D: I’ll think about it. I don’t know, maybe I could make a hanging flower basket, or geometric sticks…
M: They won’t let you. It’s not plastic they’re working with. Take my advice… are you going to do the end of the dinosaurs or not?
D: I’ll think about it and let you know. In the meantime I’ll have a look at the ceramic places, which should give me a clearer idea.
M: Oh sure. And what are you going to do, a 36-piece dinner service?
D: Don’t start taking the Mickey…
M: So? Have you had any ceramic ideas?
D: Either too many or not enough. Talking to Marzia, I thought that I’d do a ceramic pipe… a tube for draining water. I’d put the ceramic around the running water… We spent a whole evening looking for something pertinent and in the end we came up with the pipe, but only in the end.
M: I think the end of the dinosaurs was good.
D: Yeah, but I wouldn’t have done it as well as you. I think you should do the end of the dinosaurs.
M: Right! Maybe not in ceramics; the end of the gel dinosaurs…
D: Gelatine…
M: Wood…
D: Tanganyika ply…
M: And your pipe? Are we sure?
D: Yes.
M: Why?
D: I’m convinced that it’s better to stay around things; pipes collect rainwater, they have functional restrictions, like the material from which I’ll be making them…
M: If you’re sure… How are you going to make them?
D: I’ll have a better idea when I know where to put them.
M: Obviously. It sounds great… Have you done the sketches yet?
D: Mmm… You know very well that without your help they’re not going to be any good. I wanted to ask you whether you could give me a hand. Whenever I do them they come out so-so.
M: You know it’s always easy for me to give you advice on sketches. I reckon we can do it. So let’s draw this ceramic pipe! Even though I’d have preferred the end of the ceramic dinosaurs.

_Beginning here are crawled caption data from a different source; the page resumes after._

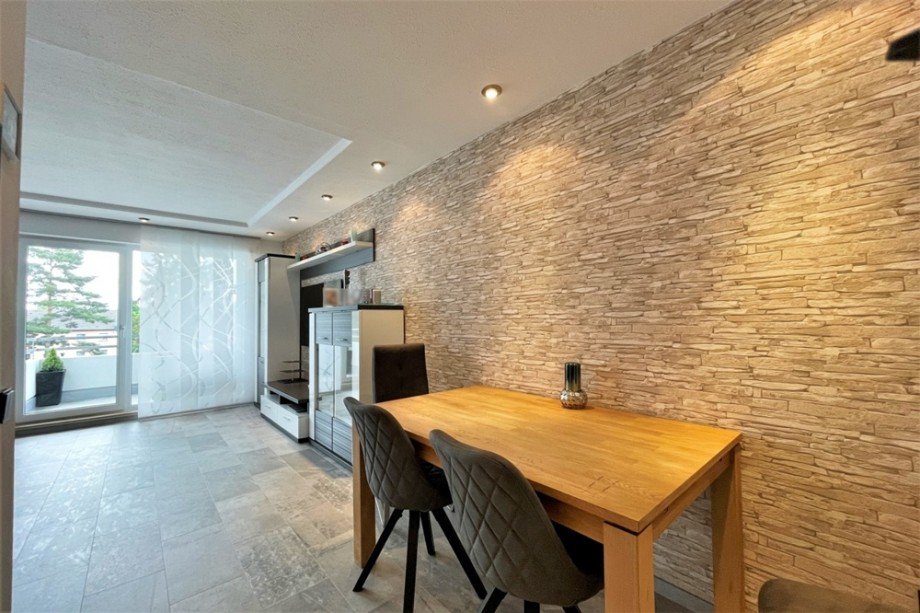 (12) Hier er�ffnet sich Ihnen das ger�umige Wohn- und Esszimmer mit Zugang auf den Balkon Etagenwohnung Bottrop / Stadtmitte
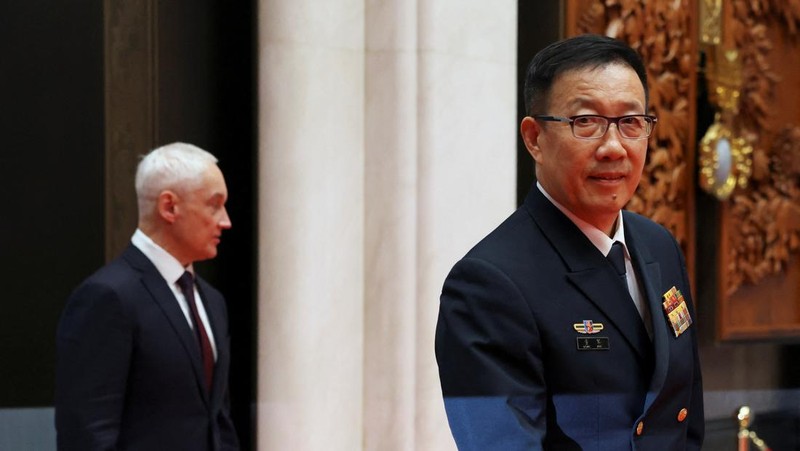 Menteri Pertahanan Tiongkok Dong Jun dan mitranya menghadiri Pertemuan Menteri Pertahanan Organisasi Kerjasama Shanghai (SCO) di Qingdao, provinsi Shandong, Tiongkok pada 26 Juni 2025. REUTERS/Florence Lo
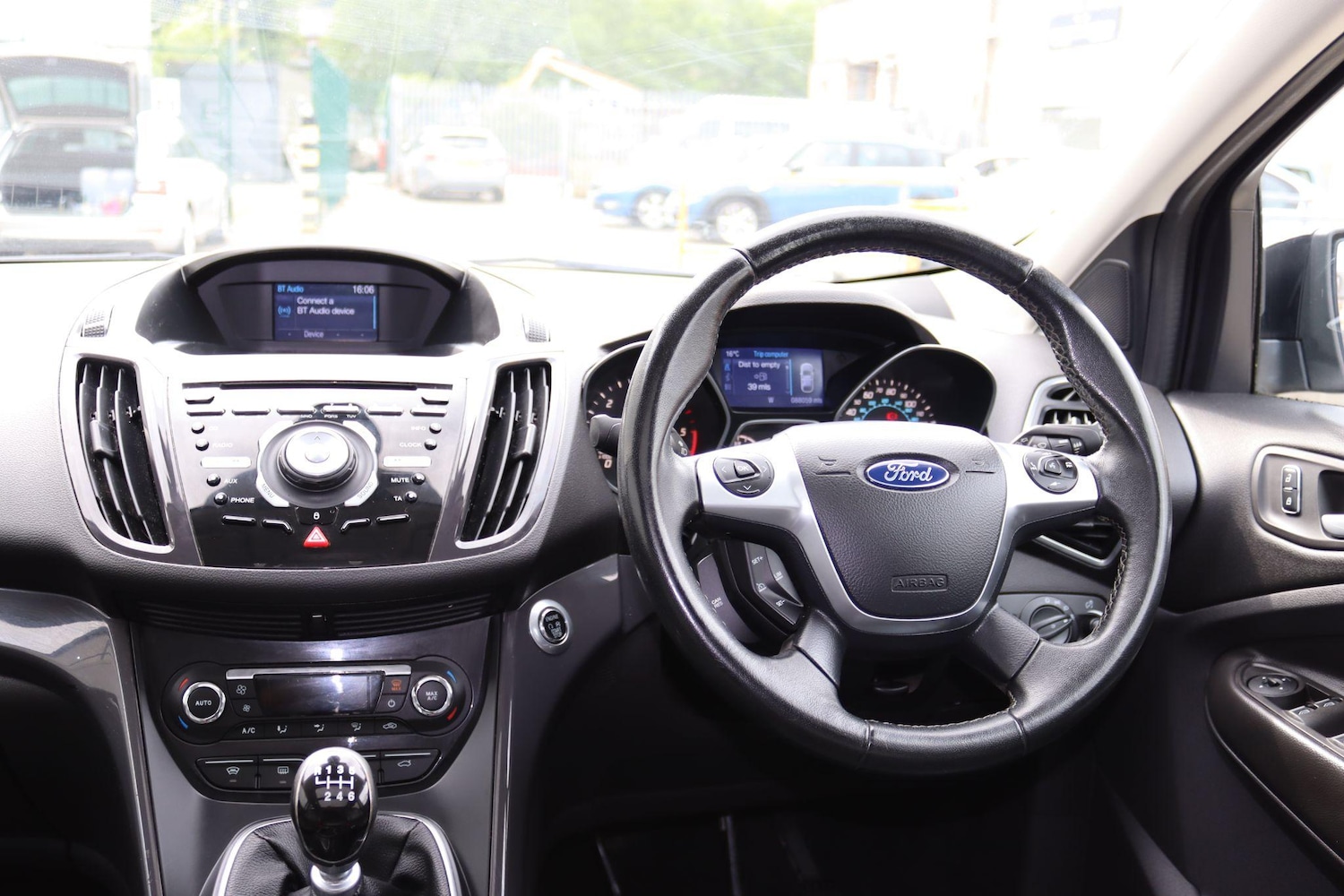 Used Ford Kuga 2014 for sale - 76994909: Photo 10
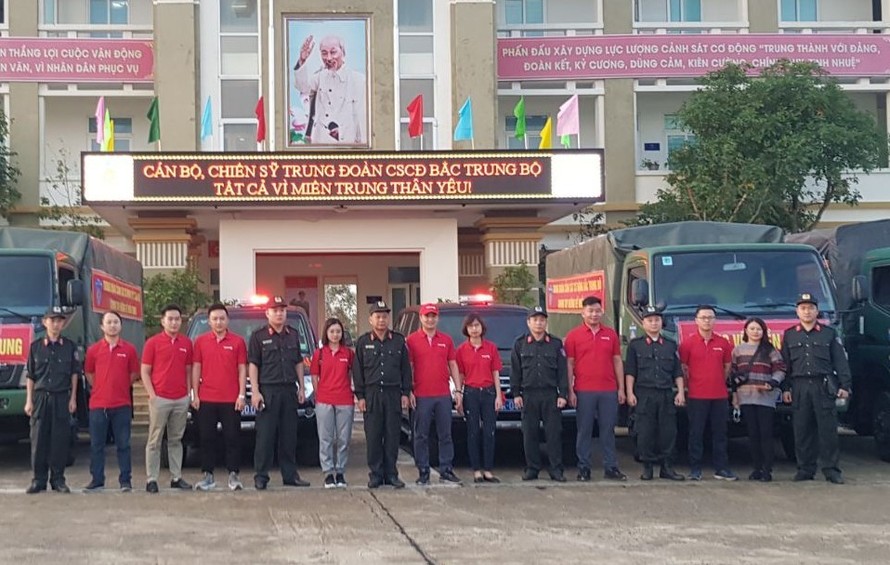 Vietlott cùng Trung đoàn Cảnh sát cơ động Bắc Trung Bộ cứu trợ tại Hà Tĩnh, Quảng Bình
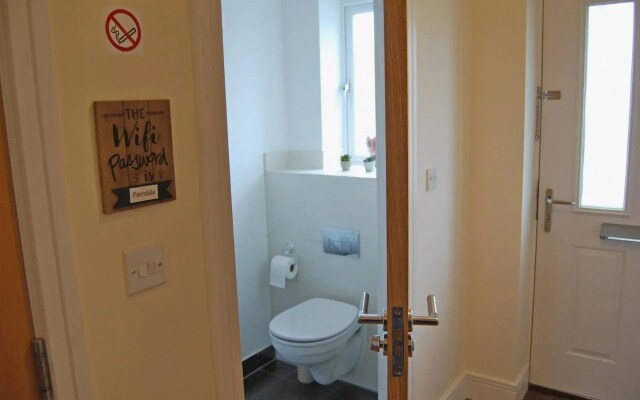 London Heathrow Living Holywell Service House A
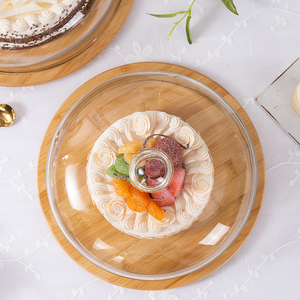 Vente en gros de vitrine à gâteau en Offre Spéciale Assiette à gâteau ronde Support à gâteau rotatif en bambou avec couvercle en dôme et <span class=keywords><strong>plateau</strong></span> de base en bambou - Product Image 4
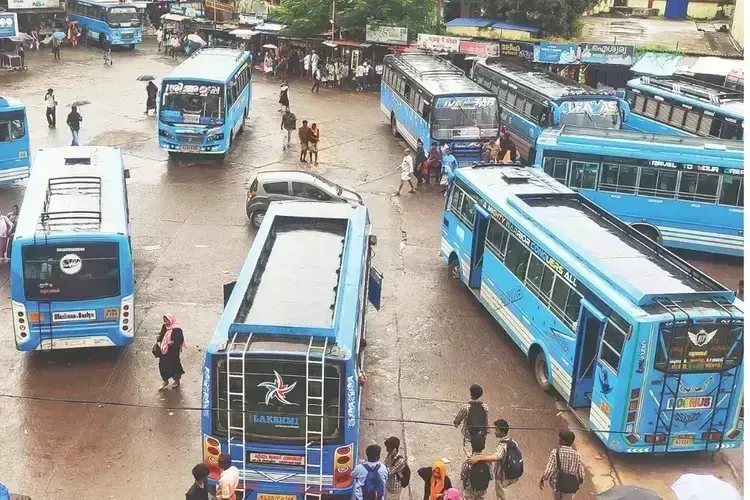 Kerala में निजी बस हड़ताल शुरू, इसके बाद राष्ट्रव्यापी हड़ताल दुकानें, बैंक, ऑटो प्रभावित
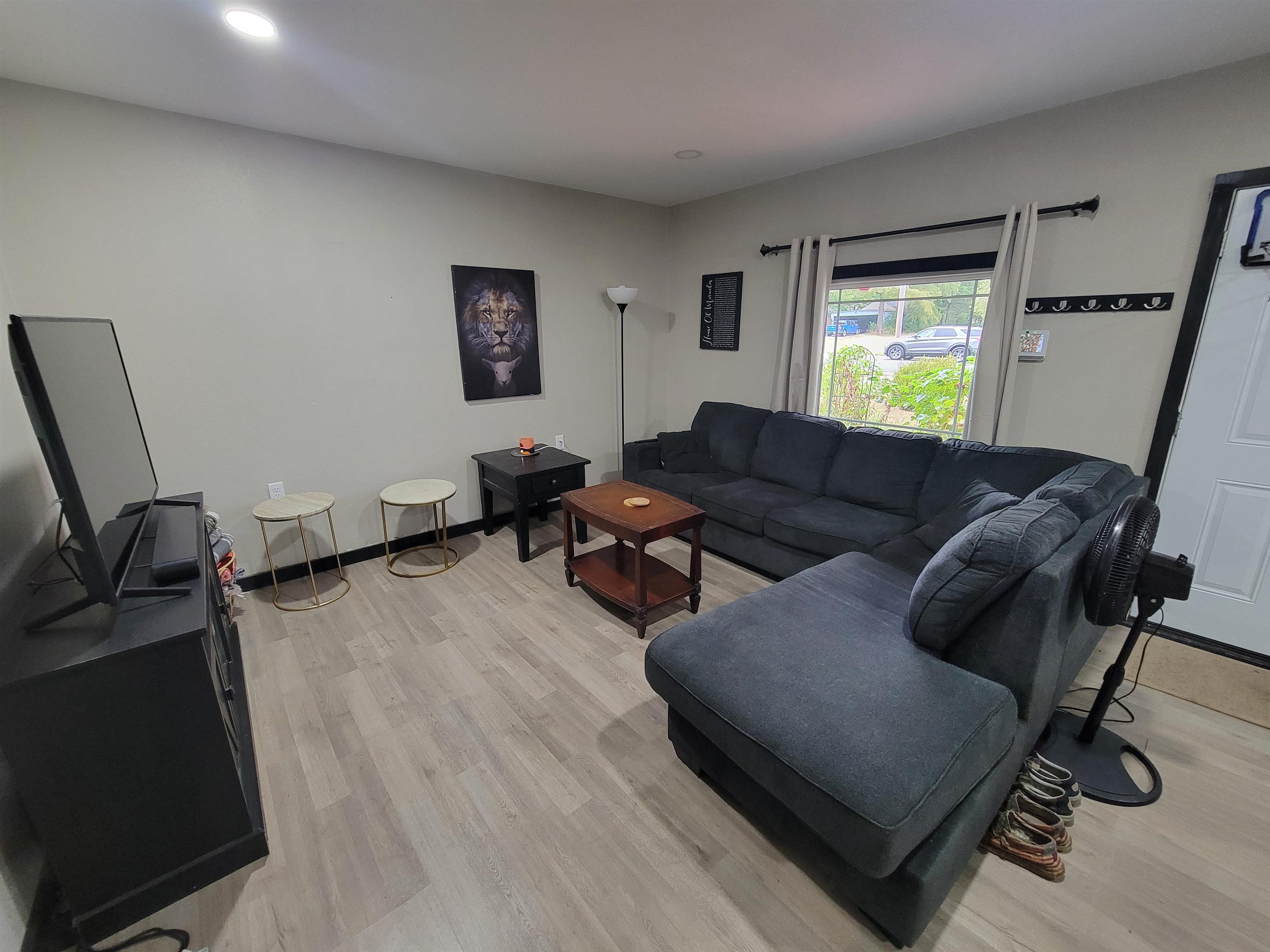 439 E Broadway, Augusta, KS 67010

Still today, almost a year on, my flatmate continues to tell he’s not convinced.

Davide Minuti

Setsuko Nagasawa

Setsuko Nagasawa, The situations

The situations

I went to Albisola in search of very bright ceramic colours, red, yellow and black for my in situ installation project. I have created about 12 sculptural coloured volumes that can be laid horizontally or piled vertically on the floor as elements of the installation. Their configuration depends, of course, on the amount of available space. Through this installation and the relationships between these coloured volumes, space and light, I symbolically express the life situation which depends on one’s point of view.